The HDF5 library provides an interesting filter that can leverage the results of your favorite compressor. Its name is shuffle, and because it can greatly benefit compression and it does not take many CPU resources (see below for a justification), it is active by default in PyTables whenever compression is activated (independently of the chosen compressor). It is of course deactivated when compression is off (which is the default, as you already should know). Of course, you can deactivate it if you want, but this is not recommended.

So, how exactly works this mysterious filter? From the HDF5 reference manual: "The shuffle filter de-interlaces a block of data by reordering the bytes. All the bytes from one consistent byte position of each data element are placed together in one block; all bytes from a second consistent byte position of each data element are placed together a second block; etc. For example, given three data elements of a 4-byte datatype stored as 012301230123, shuffling will re-order data as 000111222333. This can be a valuable step in an effective compression algorithm because the bytes in each byte position are often closely related to each other and putting them together can increase the compression ratio. "

In graph 5.11 you can see a benchmark that shows how the shuffle filter can help the different libraries in compressing data. In this experiment, shuffle has made LZO to compress almost 3x more (!), while Zlib and bzip2 are seeing improvements of 2x. Once again, the data for this experiment is synthetic, and shuffle seems to do a great work with it, but in general, the results will vary in each case[1].

Figure 5.11. Comparison between different compression libraries with and without the shuffle filter.

At any rate, the most remarkable fact about the shuffle filter is the relatively high level of compression that compressor filters can achieve when used in combination with it. A curious thing to note is that the Bzip2 compression rate does not seem very much improved (less than a 40%), and what is more striking, Bzip2+shuffle does compress quite less than Zlib+shuffle or LZO+shuffle combinations, which is kind of unexpected. The thing that seems clear is that Bzip2 is not very good at compressing patterns that result of shuffle application.
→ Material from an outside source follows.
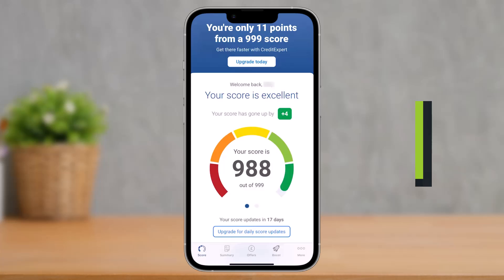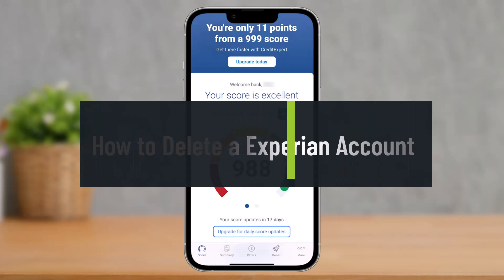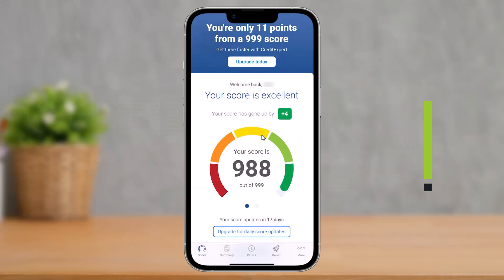How to delete your Experian account. Hello everyone, welcome back to our channel How to Geek. In today's video I'll simply guide you on how you can delete your Experian account, so just make sure to watch the video till the end.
As always, you may want to experiment with your own data before widely applying the Bzip2+shuffle combination in order to avoid surprises.

Now, how does shuffling affect performance? Well, if you look at plots 5.12, 5.13 and 5.14, you will get a somewhat unexpected (but pleasant) surprise. Roughly, shuffle makes the writing process (shuffling+compressing) faster (aproximately a 15% for LZO, 30% for Bzip2 and a 80% for Zlib), which is an interesting result by itself. But perhaps more exciting is the fact that the reading process (unshuffling+decompressing) is also accelerated by a similar extent (a 20% for LZO, 60% for Zlib and a 75% for Bzip2, roughly).

Figure 5.12. Writing with different compression libraries with and without the shuffle filter.

Figure 5.13. Reading with different compression libraries with the shuffle filter. The file is not in OS cache.

Figure 5.14. Reading with different compression libraries with and without the shuffle filter. The file is in OS cache.

You may wonder why introducing another filter in the write/read pipelines does effectively accelerate the throughput. Well, maybe data elements are more similar or related column-wise than row-wise, i.e. contiguous elements in the same column are more alike, so shuffling makes the job of the compressor easier (faster) and more effective (greater ratios). As a side effect, compressed chunks do fit better in the CPU cache (at least, the chunks are smaller!) so that the process of unshuffle/decompress can make a better use of the cache (i.e. reducing the number of CPU cache faults).

So, given the potential gains (faster writing and reading, but specially much improved compression level), it is a good thing to have such a filter enabled by default in the battle for discovering redundancy when you want to compress your data, just as PyTables does.

Notes

[1]

Some users reported that the typical improvement with real data is between a factor 1.5x and 2.5x over the already compressed datasets.